All green (unroasted) coffee has a shelf life from a quality standpoint, meaning that no green coffee will retain its desirable cup characteristics indefinitely without intentional preservation. While the qualities of sweetness, acidity, flavor complexity, and cup clarity that we cherish in the coffees we buy often remain intact for at least a few months following import, there inevitably comes a point in the life of any coffee when desirable cup qualities begin to be masked by flat, drying flavors that are reminiscent of wood and paper. Coffee professionals often describe a coffee that is exhibiting these flat, woody qualities as “faded” or “showing age”, and there is essentially nothing a roasting company can do with faded coffee other than roast it darker, in the hope that aged flavors will be less apparent. Many variables—and often variables that are not the fault of any specific actor in the value chain—can contribute to a green coffee “falling off” sooner than hoped or expected. And once a coffee begins to show age, these unpleasant qualities often worsen rapidly over time. It is always a great shame when a beautiful coffee, representing incredible effort and achievement on the part of the producer, fails to reach its full potential in the cup due to aged qualities.

In over eight years of experimentation, we have found freezing to be an incredibly effective way to indefinitely preserve the freshness and desirable qualities of our green coffees. Freezing coffee has become central to every aspect of Passenger’s approach: from our sourcing philosophy, to roasting and quality control,2 to the year-round menus and unique archival releases that we are able to offer our wholesale partners, online subscribers, and retail guests.

Broader Annual Buying from Foundational Partners

Returning to our earlier discussion of partnership and Passenger’s sourcing philosophy, freezing coffee can immediately be recognized as a key strategy that enables us to pursue the type of investment we are committed to making within the Foundational Partnerships. Freezing coffee dramatically reduces the extent to which we have to factor the risk of green coffee age into our contract decisions: if we can get the coffee from the producing country into the freezer efficiently, that investment will remain an asset indefinitely. This means that instead of buying a few months’ worth of coffee from our partners each harvest, we can confidently contract more than a year’s worth of coffee each harvest.
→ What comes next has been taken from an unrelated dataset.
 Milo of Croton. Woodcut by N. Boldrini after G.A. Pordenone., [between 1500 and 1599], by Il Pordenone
Buying more coffee from our partners each year is better business for them, and it's obviously good for us as we can embrace the strategic benefits of maintaining a longer position— benefits that have been particularly clear amidst the unpredictable international shipping landscape of the last few years.

High Standards of Roast Consistency

In addition to preserving the fresh and pleasing qualities of our green coffees, freezing is also a key contributing factor to Passenger’s highly consistent roasting program. While a common challenge for many roasting companies is the necessity of adjusting roast profiles to green coffees that are evolving as they age, our coffees are picked up from the freezer on the same day every week, thawed for the same short interval of approximately two days, and roasted very shortly thereafter. This means that our roast profiles require very little adjustment— especially in the case of coffees that are purchased from the same producers year after year.

Unique Opportunities for Menu Curation, Wholesale, Partnership, and Retail Experience

Freezing our green inventory for a number of years running and pursuing broader buying from our core sourcing relationships also supports us in curating our coffee menus in unique and strategic ways. In contrast to many roasting companies that present coffees with a highly seasonal focus (so as to maintain a tight position and keep their menus tasting as fresh as possible), Passenger pursues more of an archival focus: sharing an expansive menu of offerings—some available year-round, some with highly limited availability—that we select from a large inventory of green coffees which are kept indefinitely preserved in the freezer.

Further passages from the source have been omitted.